[Image-caption web data]
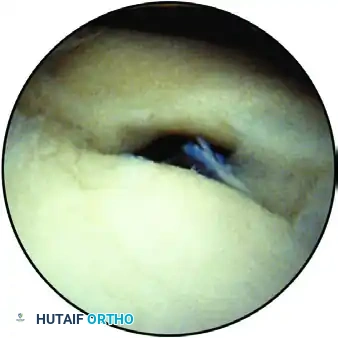 ESTABLISHING THE SUPERIOR PORTAL Surgical Diagram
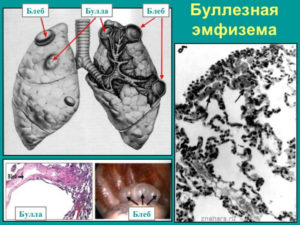 Буллы, эмфизема лёгких, чувство нехватки воздуха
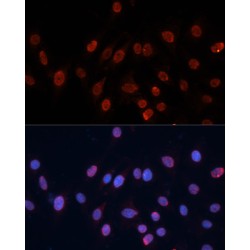 Heterogeneous Nuclear Ribonucleoprotein U (HNRNPU) Antibody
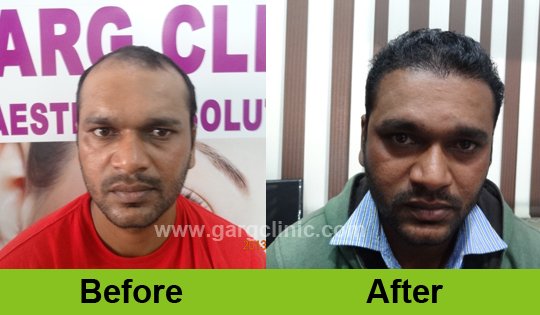 Garg Hair Transplant Clinic
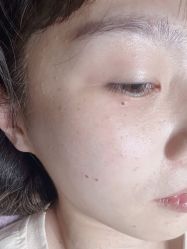 体验后-痣清宫祛斑祛痣连锁店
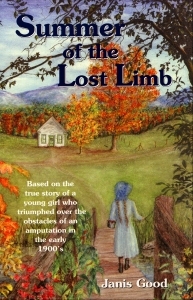 Summer of the Lost Limb (Paperback)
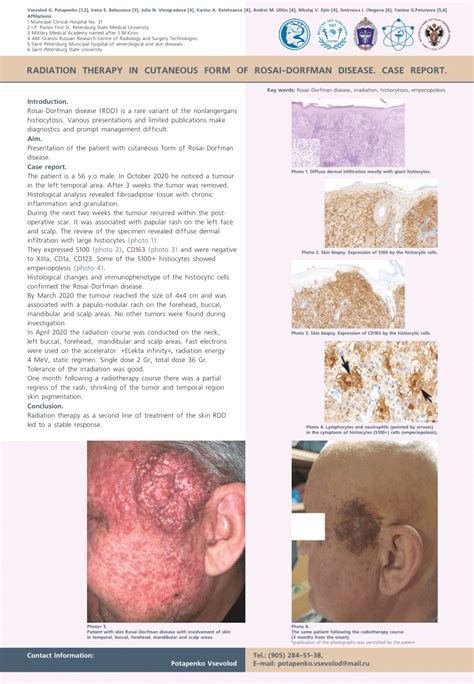 Pdf Radiation Therapy In Cutaneous Form Of Rosai Dorfman Disease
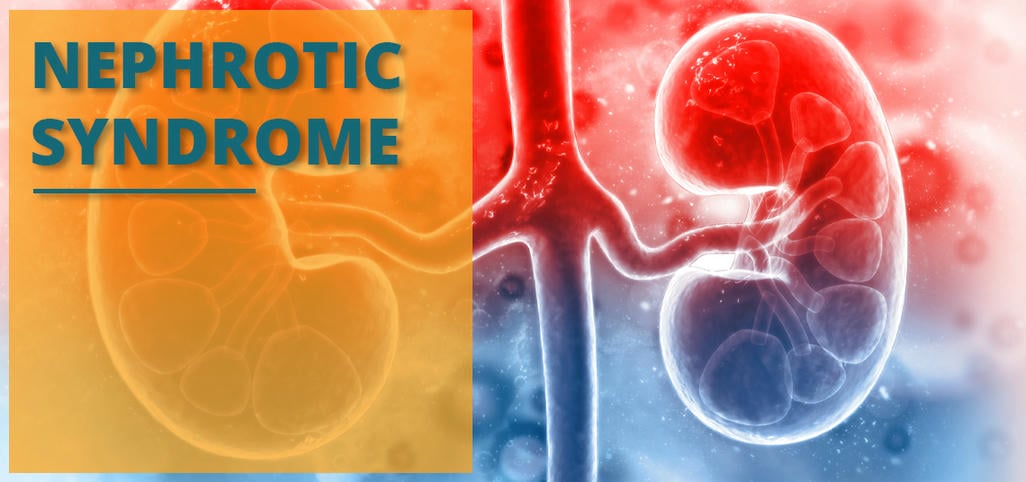 nephrotic-syndrome-control-medicines-in-ayurveda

*WHAT NEEDS TO BE DONE:* Copy all records exactly; omit images.

*ANSWER SPACE:*
 ESTABLISHING THE SUPERIOR PORTAL Surgical Diagram
 Буллы, эмфизема лёгких, чувство нехватки воздуха
 Heterogeneous Nuclear Ribonucleoprotein U (HNRNPU) Antibody
 Garg Hair Transplant Clinic
 体验后-痣清宫祛斑祛痣连锁店
 Summer of the Lost Limb (Paperback)
 Pdf Radiation Therapy In Cutaneous Form Of Rosai Dorfman Disease
 nephrotic-syndrome-control-medicines-in-ayurveda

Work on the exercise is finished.